Records for the exercise
──────────────────────────────

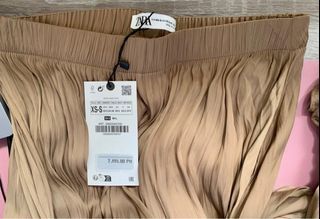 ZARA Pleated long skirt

──────────────────────────────

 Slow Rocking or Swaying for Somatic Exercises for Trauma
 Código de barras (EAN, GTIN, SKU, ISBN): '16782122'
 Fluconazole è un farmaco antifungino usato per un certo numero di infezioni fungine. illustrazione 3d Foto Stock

──────────────────────────────

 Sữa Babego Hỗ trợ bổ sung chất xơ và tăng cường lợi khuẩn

──────────────────────────────

Reproducing the whole listing above is not the task. Copy exactly only the lines from the one with "Código de barras" to the one with "Fluconazole è un", both kept.

 Código de barras (EAN, GTIN, SKU, ISBN): '16782122'
 Fluconazole è un farmaco antifungino usato per un certo numero di infezioni fungine. illustrazione 3d Foto Stock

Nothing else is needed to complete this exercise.